Molly Walker

Personal information
- Full name: Mary Alice Walker
- Date of birth: 1898
- Place of birth: Lancaster, Lancashire, England

Senior career*
- Years: Team / Apps / (Gls)
- 1917–1918: Lancaster Ladies
- 1918–?: Dick, Kerr Ladies

= Molly Walker (footballer) =

English footballer

Mary Alice Walker (1898 – ?) was an English women's association football player and the earliest known women's player to be transferred between clubs for a fee. She was one of four players who moved from Lancaster Ladies to Dick, Kerr Ladies F.C. after a match between the clubs in December 1917, and the only of the four offered compensation specific to her transfer. She debuted for Dick, Kerr Ladies against Barrow-in-Furness at Deepdale on Good Friday of 1918, in which Walker scored the match-winning goal.

== Club career ==
In two matches arranged by Lancaster Ladies against Dick, Kerr Ladies in December 1917, Walker played for Lancaster. In one match, Lancaster drew against Dick, Kerr 1–1. Dick, Kerr manager Alfred Frankland then offered Walker a position with his club, including compensation for expenses and time lost from work.
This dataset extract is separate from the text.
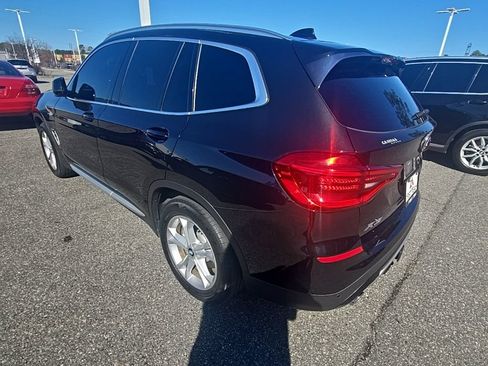 Used 2020 BMW X3 xDrive30i w/ Driving Assistance Package image 7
During the team's nine-week tour of the United States in 1922, Walker joined teammates Florie Haslam, Jennie Harris, and Lily Parr in a race against an American Olympic Games women's relay team at the Philadelphia Baseball Grounds before 45,000 spectators.

== Personal life ==
Walker's relationship with her boyfriend's family suffered due to her matchday attire of shorts, which revealed her legs.